▶ _ACTION ITEM_: What are the lines below, starting at the line containing "What is tempering" and ending at the line containing "So what we then"? Write them out exactly, ends included, without pictures.

▶ _DATASET SECTION_:
::::
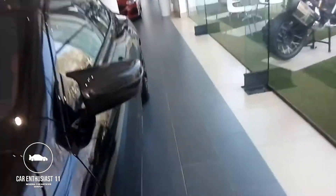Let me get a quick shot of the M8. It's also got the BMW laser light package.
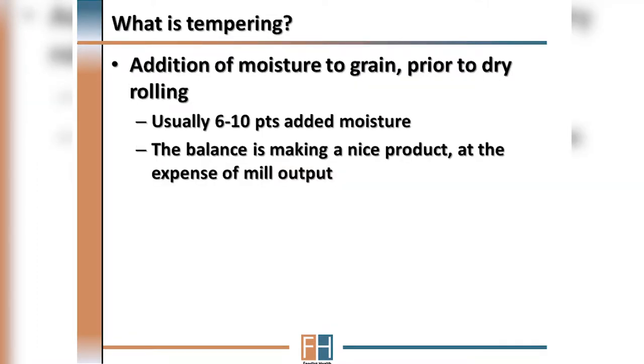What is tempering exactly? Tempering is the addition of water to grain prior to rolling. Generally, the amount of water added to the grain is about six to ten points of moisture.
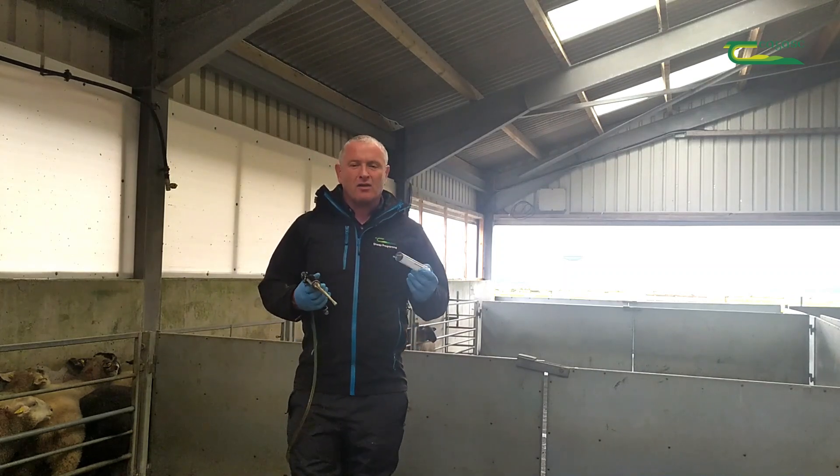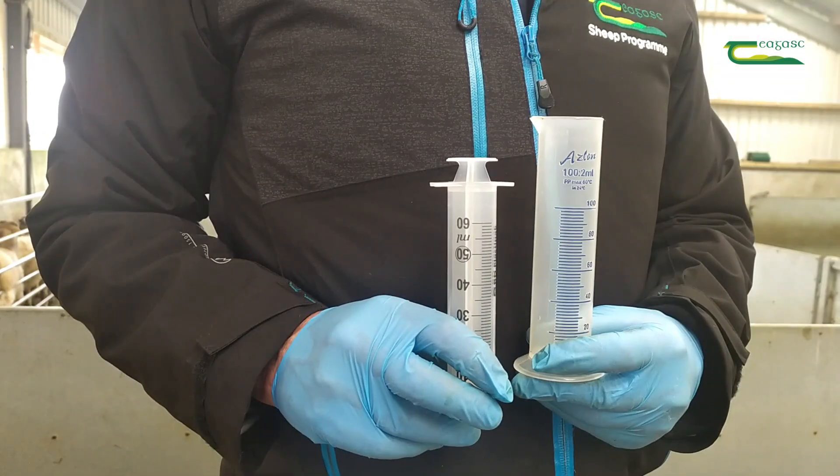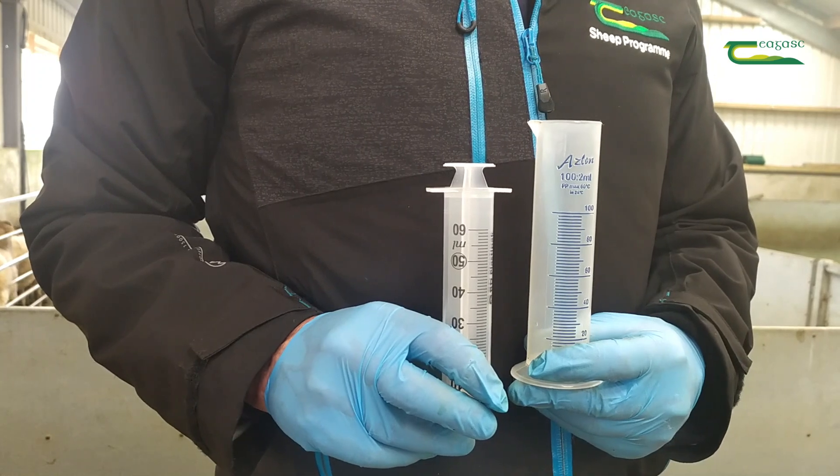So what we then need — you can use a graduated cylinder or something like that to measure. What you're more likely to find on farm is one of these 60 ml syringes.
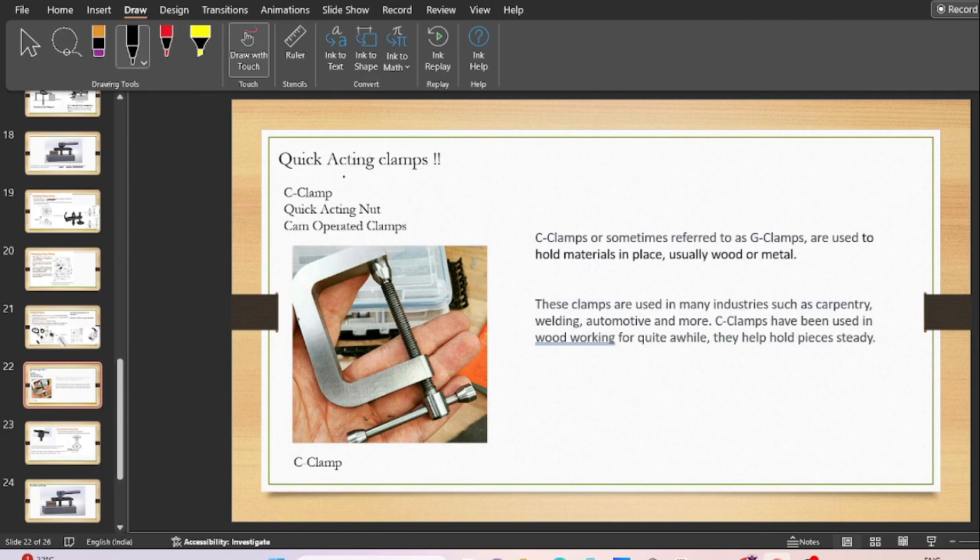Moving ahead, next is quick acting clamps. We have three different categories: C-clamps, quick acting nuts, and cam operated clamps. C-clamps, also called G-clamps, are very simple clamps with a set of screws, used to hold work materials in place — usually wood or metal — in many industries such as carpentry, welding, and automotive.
::::
▶ _THE COMPLETED TASK_:
What is tempering exactly? Tempering is the addition of water to grain prior to rolling. Generally, the amount of water added to the grain is about six to ten points of moisture.
So what we then need — you can use a graduated cylinder or something like that to measure. What you're more likely to find on farm is one of these 60 ml syringes.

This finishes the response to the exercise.